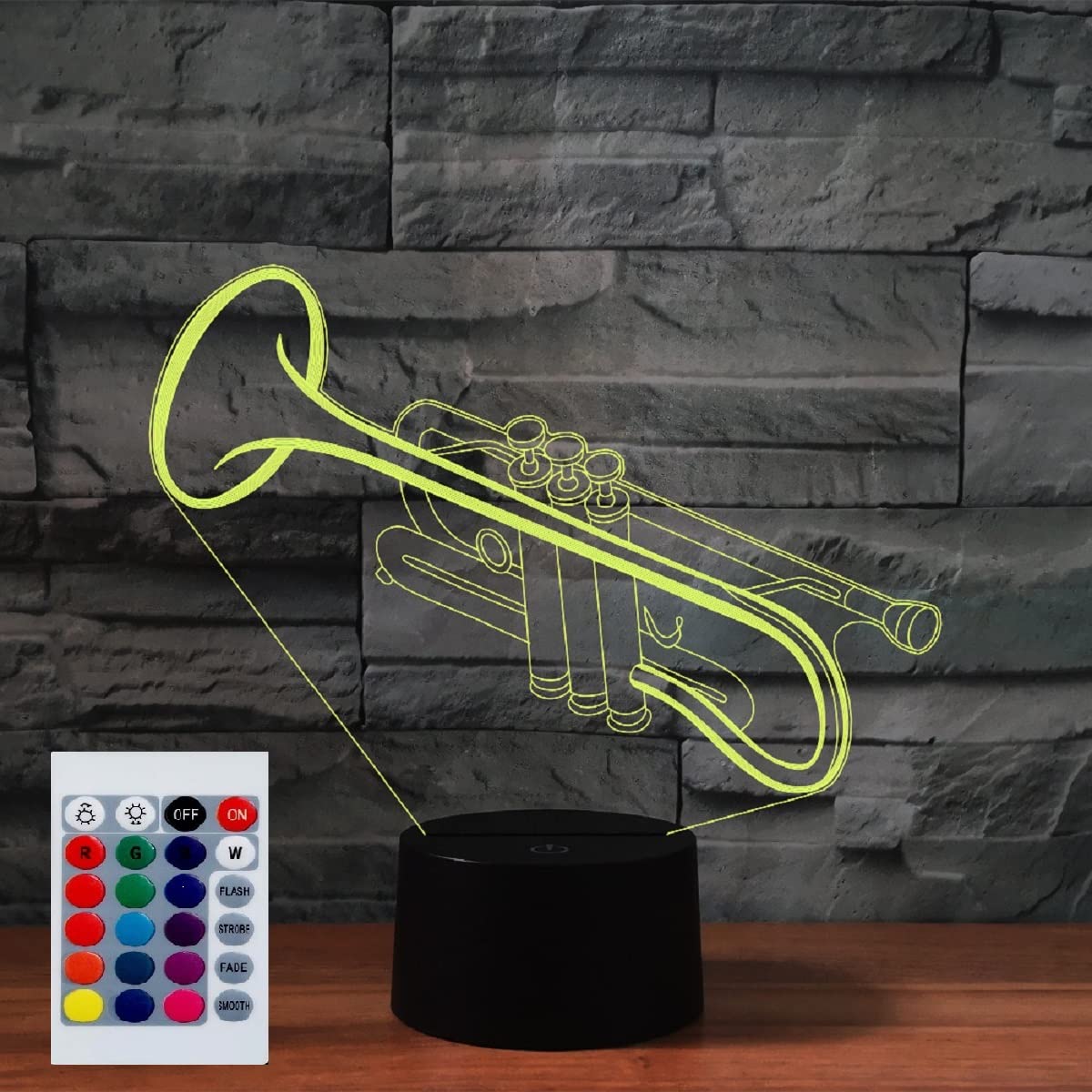 SUPERHONGJIHAO Night Light for Kids 3D Trumpet Led Lamp with Remote Control 16 Color Changing Xmas Birthday Gift for Child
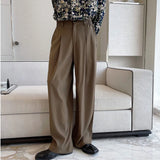 Wiaofellas  - Personality Autumn Suit Pants Korean Streetwear Fahshion Simple Trend Wide Leg Floor Dragging Black Brown Trousers 2Y2743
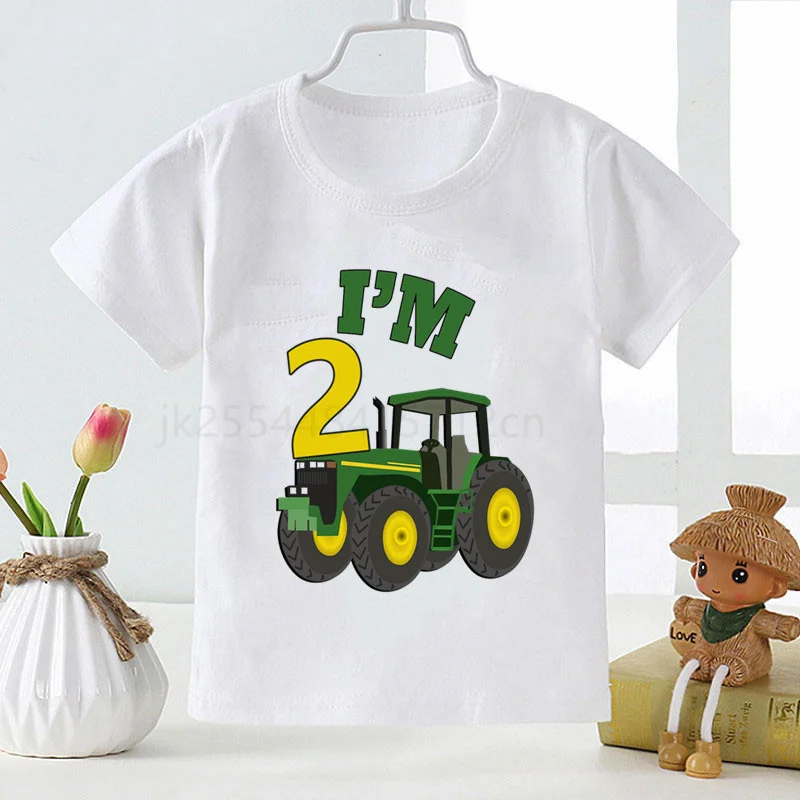 

Boy Car Birthday Number Print T Shirt Excavator Children Birthday Boy T-shirts Boy&Girl Funny Gift Tshirt Present Boys Clothes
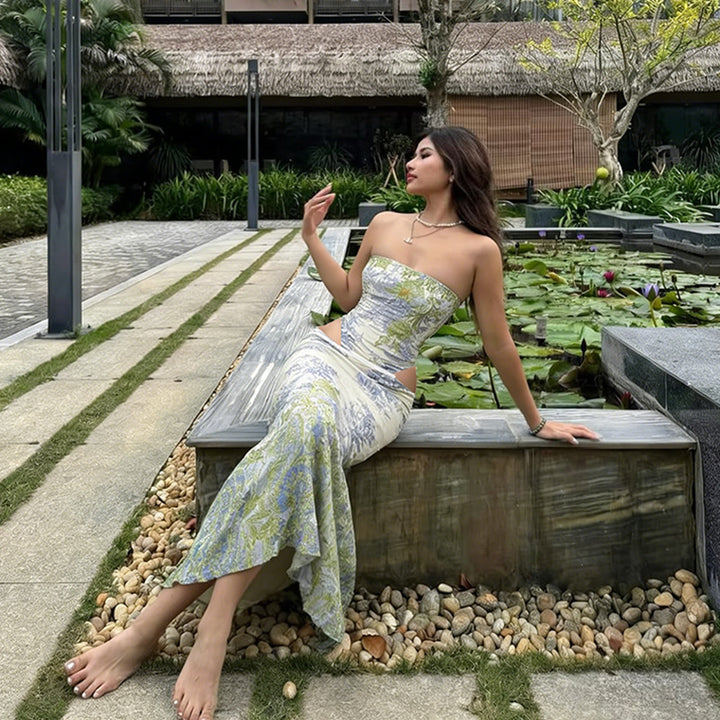 Damen Elegantes Maxikleid mit floralem Muster und figurbetontem Schnitt Drune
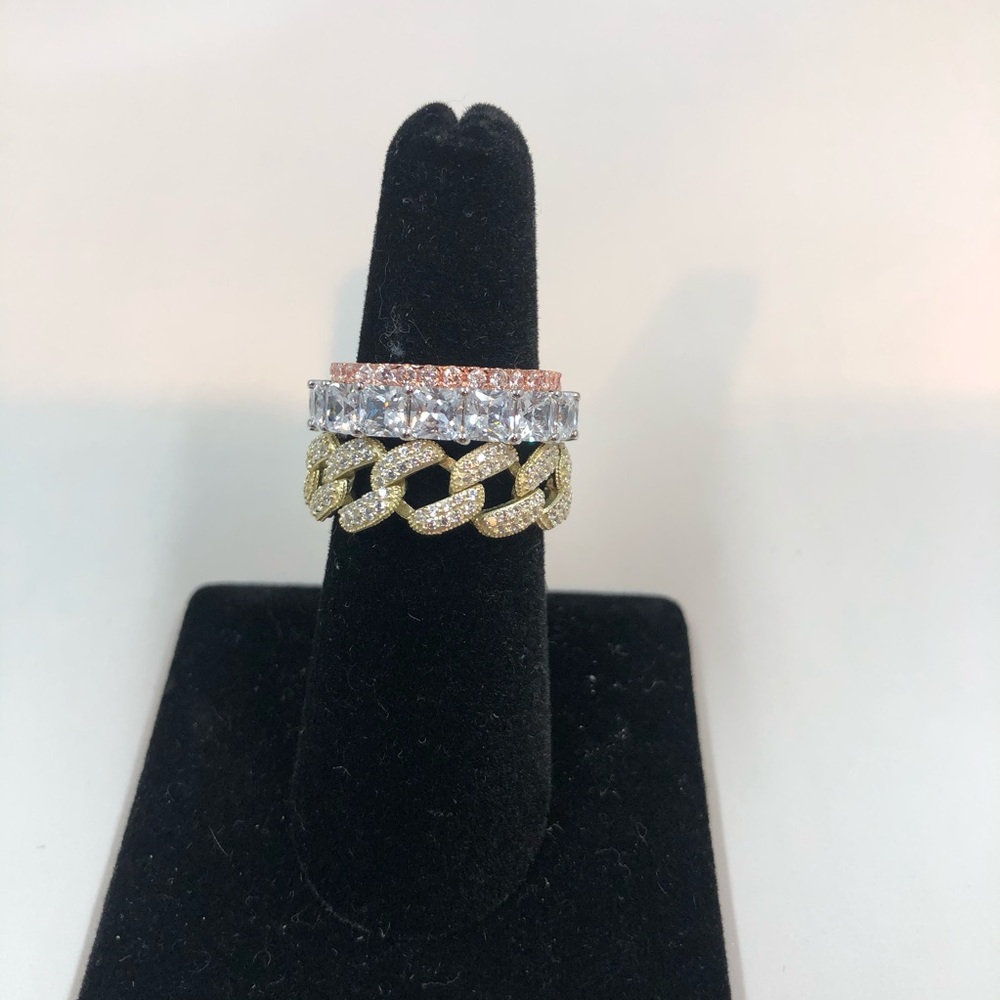 Sterling cubic zirconia diamond rings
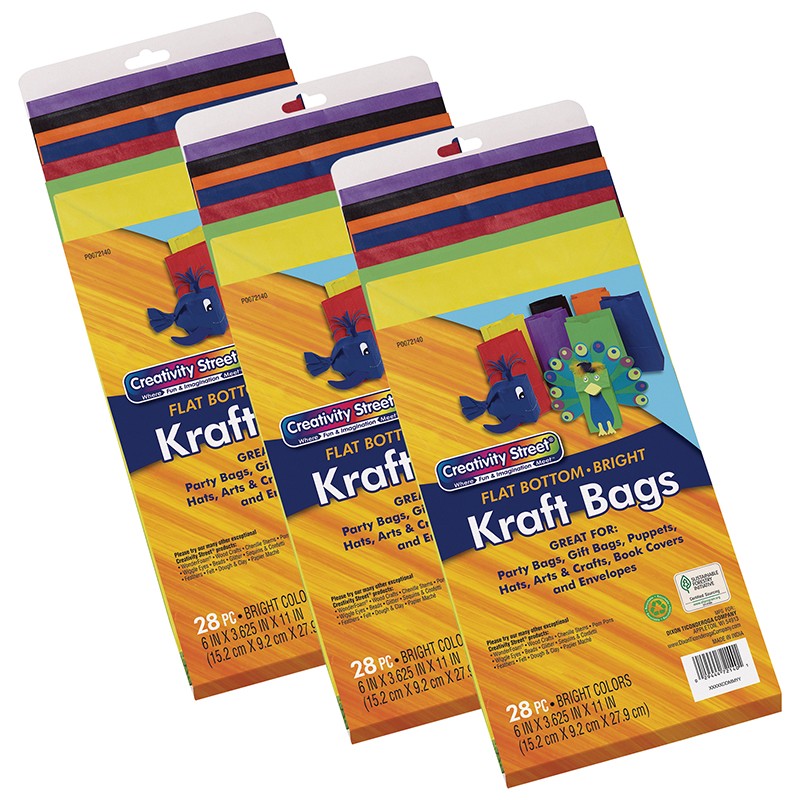 Kraft Bag, Assorted Bright Colors, 6" x 3-5/8" x 11", 28 Per Pack, 3 Packs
____
In the copy, include each entry exactly as written and none of the pictures.

→ **SOLUTION FOR THIS EXERCISE**
 SUPERHONGJIHAO Night Light for Kids 3D Trumpet Led Lamp with Remote Control 16 Color Changing Xmas Birthday Gift for Child
 Wiaofellas  - Personality Autumn Suit Pants Korean Streetwear Fahshion Simple Trend Wide Leg Floor Dragging Black Brown Trousers 2Y2743

Boy Car Birthday Number Print T Shirt Excavator Children Birthday Boy T-shirts Boy&Girl Funny Gift Tshirt Present Boys Clothes
 Damen Elegantes Maxikleid mit floralem Muster und figurbetontem Schnitt Drune
 Sterling cubic zirconia diamond rings
 Kraft Bag, Assorted Bright Colors, 6" x 3-5/8" x 11", 28 Per Pack, 3 Packs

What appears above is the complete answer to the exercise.